PROBLEM TO SOLVE -
Reproduce, exactly and only, the lines of the data that follows from the one containing "La noche de" down to the one containing "包厢-北戴河转鱼·炒螃蟹酱餐厅", without pictures.
EXERCISE INPUTS START
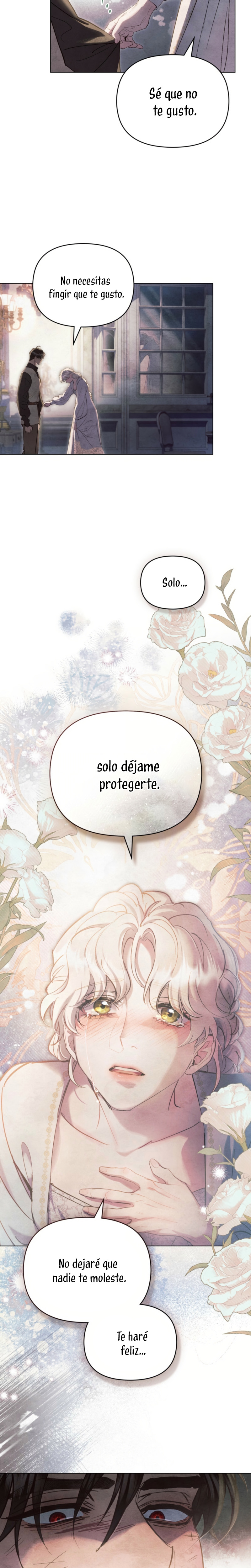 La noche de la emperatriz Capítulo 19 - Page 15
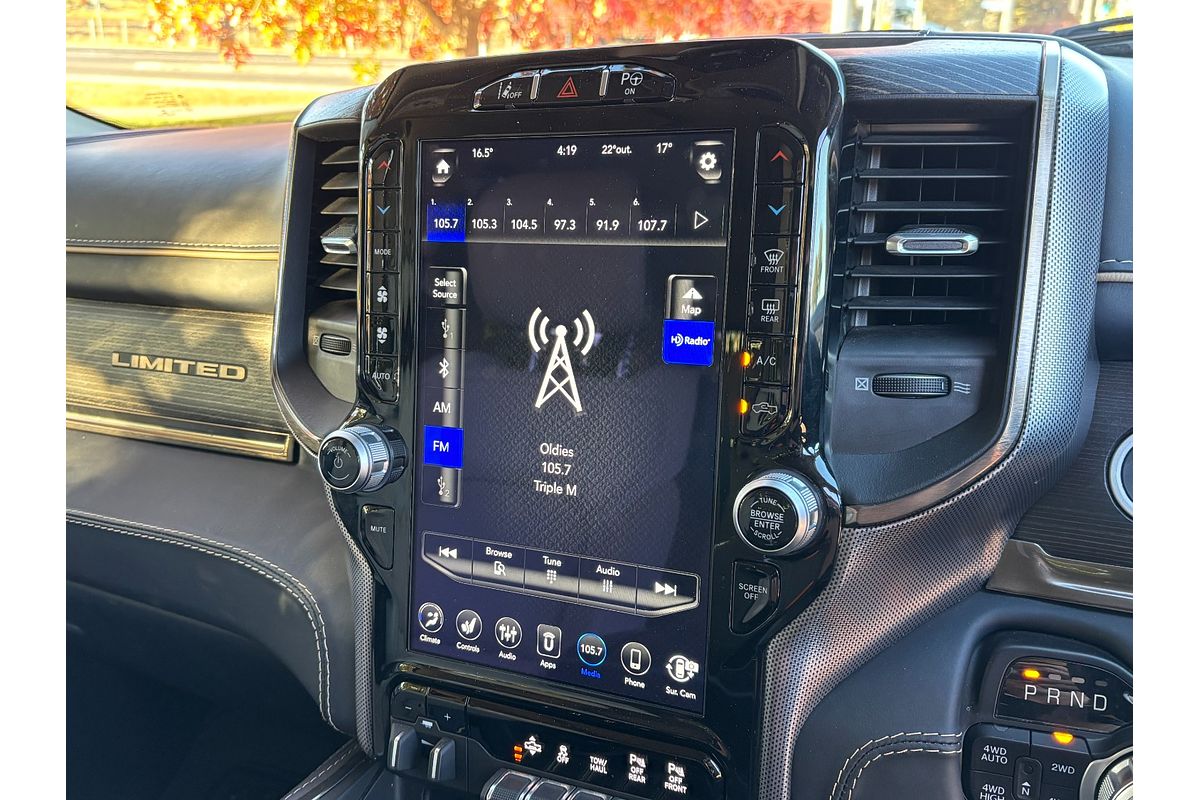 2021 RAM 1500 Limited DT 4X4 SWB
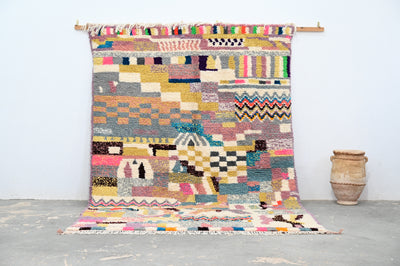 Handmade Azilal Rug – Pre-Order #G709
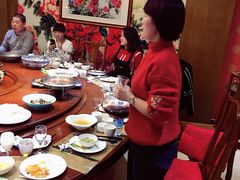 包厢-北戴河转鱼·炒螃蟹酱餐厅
EXERCISE INPUTS END
EXERCISE INPUTS START
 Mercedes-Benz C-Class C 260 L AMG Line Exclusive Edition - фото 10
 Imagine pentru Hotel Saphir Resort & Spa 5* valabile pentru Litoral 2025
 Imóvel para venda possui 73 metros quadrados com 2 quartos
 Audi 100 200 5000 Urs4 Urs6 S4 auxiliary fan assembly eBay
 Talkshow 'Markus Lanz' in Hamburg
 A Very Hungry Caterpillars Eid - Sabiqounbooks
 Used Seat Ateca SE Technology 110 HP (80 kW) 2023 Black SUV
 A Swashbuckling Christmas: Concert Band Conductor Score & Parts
EXERCISE INPUTS END
RESPONSE BOX -
 La noche de la emperatriz Capítulo 19 - Page 15
 2021 RAM 1500 Limited DT 4X4 SWB
 Handmade Azilal Rug – Pre-Order #G709
 包厢-北戴河转鱼·炒螃蟹酱餐厅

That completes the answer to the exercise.